Yeah, that's me.
I cried when my last (cheap plastic) circular slide rule dissolved in my pocket about the turn of the century and I couldn't replace it.
A slide rule - and especially, a circular slide rule - is a great device for comparing ratios. I used it when grocery shopping to compare unit pricing between varied sizes. Put the units (ie: ounces) on one scale opposite the price on the other. Then look at the units for the different size and see their comparative price. I could say "that size is the best value" faster than even today with a custom app on my pocket device. People point out that the store prints the unit price right next to the
price. But that doesn't take into account special discounts or coupons. The advantage of the circular slide rule for ratios is that when one number goes off the scale you don't have to push the slipstick (the movable piece in the middle of a linear slide rule [the type you see above]) to get to the rest of the scale - it just wraps around.
All a slide rule does is add or subtract two numbers (imagine putting 2 yard sticks end-to-end). Depending on how large and finely calibrated it is, you may only be able to accurately read 2 or 3 digits if all you want to do is add real numbers. Its real power comes when you change the scale to one where the numbers are not equally spaced from 1 to 10. The basic logarithmic scale allows you to multiply (or divide) by adding powers of 10. Other basic scales compute squares and cubes or their roots and trigonometric functions. Specialty slide rules can help calculate anything from an airplane's crosswind correction to astronomical events. In an earlier life my industry regularly used a slide rule to calculate the enlargement or reduction of pictures to fit a printed layout. It was designed to be accessible to people who had barely any facility with numbers.
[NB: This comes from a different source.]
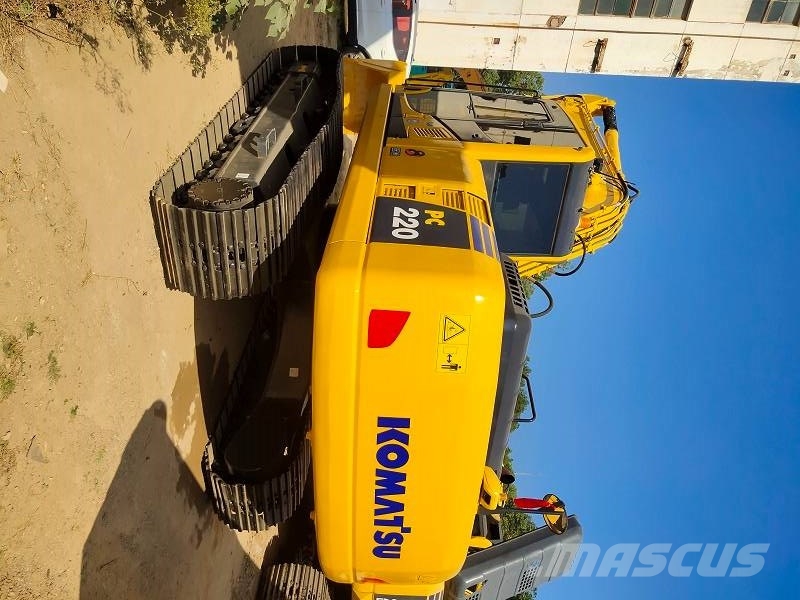 Komatsu pc220 大型油圧ショベル12t以上(パワーショベル・ユンボ)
I still have some good linear slide rules including my father's precision (for the time) rule (boxwood?) from the 1950s. I also have the aluminum Pickett that I won for some obscure "best something student" award at high school graduation and got me through freshman and sophomore chemistry and physics. (search "slide rule image" for some idea of the varieties and detail) (note 2)
Long after calculators were a $3 commodity I was taking a friend to lunch and he asked if I still had a slide rule somewhere in storage. He tutored at a disadvantaged elementary school and wanted to show the kids what it was like in "prehistoric times." I reached in the glove compartment and handed it to him. I carried it to calculate my gas mileage - my first (about age 10) and last (late 1990s) regular use of a slide rule. (note 3)
When I took an advanced physics class (in 1973) that required adding and subtracting 8 decimal places, I bought a digital calculator. It cost $100, was big as a dictionary, and had to be plugged into the wall; but it could do four functions on up to 12 digits. First my classmates laughed at me for carrying that thing to class and moving to a seat by an outlet. Then they started sitting around me and borrowing it during class. (note 4)
Notes:
(1) Thanks to Bill Amend for my Sunday morning chuckle. All rights reserved to the holder. Click image for complete original.
(2) I was about to pull out my collection and camera - but the internet has everything. All rights reserved to the holder.
(3) When I started driving long trips alone with no radio or music player, I would calculate my mileage in my head. Nothing like doing long division to multiple decimal places in your head to build your concentration. (Do they even teach long division nowadays?) Find my spreadsheet at https://3500calories.info/links_blogger/MPG.xls.
(4) About 2002 I took a statistics class. While the course was taught with the graphing calculator most traditional students had used since high school; I wanted to get my results off a computer because that was the method I'd have to support at work. I brought my computer into class and performed all the exercises twice - on the calculator and on the computer.